Notebook

Participles in the Hebrew Bible¶

About¶

This task gives an inventory of particples and their context. It is based on a request by Janet Dyk for data by which the verbal/nominal roles of particples can be studied.

It is work in progress. When we started we had not yet identified the exact set of features in the database that should give us clues. So, in this notebook you'll find a number of attempts.

Firing up LAF-Fabric¶

We fire up the engine, collect data, format the data and write it to a tab delimited file.

Then the LAF-Fabric task is completed.

After that we play around a bit with the data, see how we can visualize it with the python module pandas.

Get a LAF processor¶

In [1]:

import sys
import collections
from laf.fabric import LafFabric
from etcbc.preprocess import prepare
fabric = LafFabric()

  0.00s This is LAF-Fabric 4.3.3
http://laf-fabric.readthedocs.org/en/latest/texts/API-reference.html

Load data for this task¶

In [2]:

fabric.load('etcbc4', '--', 'participle', {
    "xmlids": {"node": False, "edge": False},
    "features": ('''
        otype
        book chapter verse label
        g_word_utf8 g_cons_utf8
        vt
        sp pdp
        rela typ
        prs vbe
        g_prs
    ''','''
        functional_parent
    '''),
    "primary": False,
})
exec(fabric.localnames.format(var='fabric'))

  0.00s LOADING API: please wait ... 
  0.00s INFO: USING DATA COMPILED AT: 2014-07-14T16-45-08
  5.69s LOGFILE=/Users/dirk/laf-fabric-output/etcbc4/participle/__log__participle.txt
  5.69s INFO: DATA LOADED FROM SOURCE etcbc4 AND ANNOX -- FOR TASK participle AT 2014-07-15T16-40-04

Data exploration¶

In this section we investigate the values that some features take in the database

Part of speech tags¶

The following pos-tags were found in the features sp and pdp.

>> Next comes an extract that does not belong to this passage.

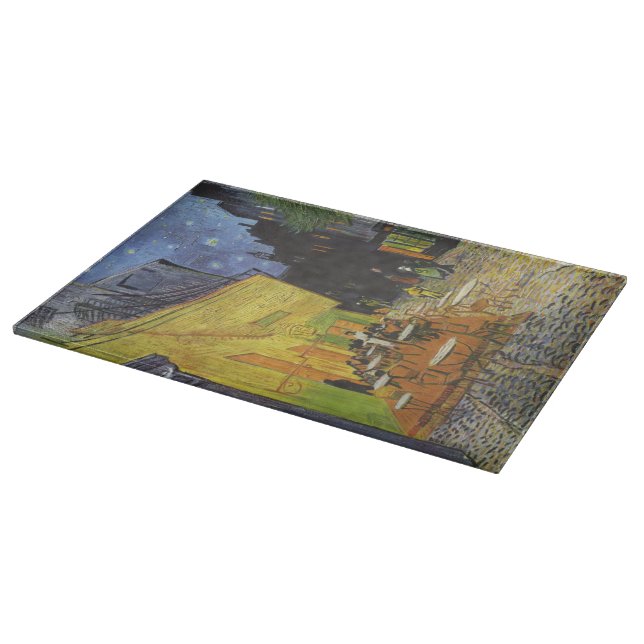 Planche à découper de Van Gogh de terrasse de café (Coin)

For most word occurrences, these values coincide. Where they differ, we output both, separated by a ~.

In [3]:

poss = set()
for i in NN(test=F.otype.v, values=['word']):
    pos = F.sp.v(i)
    pdpos = F.pdp.v(i)
    poss.add(pos)
    poss.add(pdpos)
poss

Out[3]:

{'adjv',
 'advb',
 'art',
 'conj',
 'inrg',
 'intj',
 'nega',
 'nmpr',
 'prde',
 'prep',
 'prin',
 'prps',
 'subs',
 'verb'}

Trees¶

Construct trees according to the parent relationship. Make indexes for

finding the sentence above each clause
finding the words in each clause

In [4]:

top_nodes = set(NN(test=F.otype.v, value='sentence'))
msg("Top nodes found: {}".format(len(top_nodes)))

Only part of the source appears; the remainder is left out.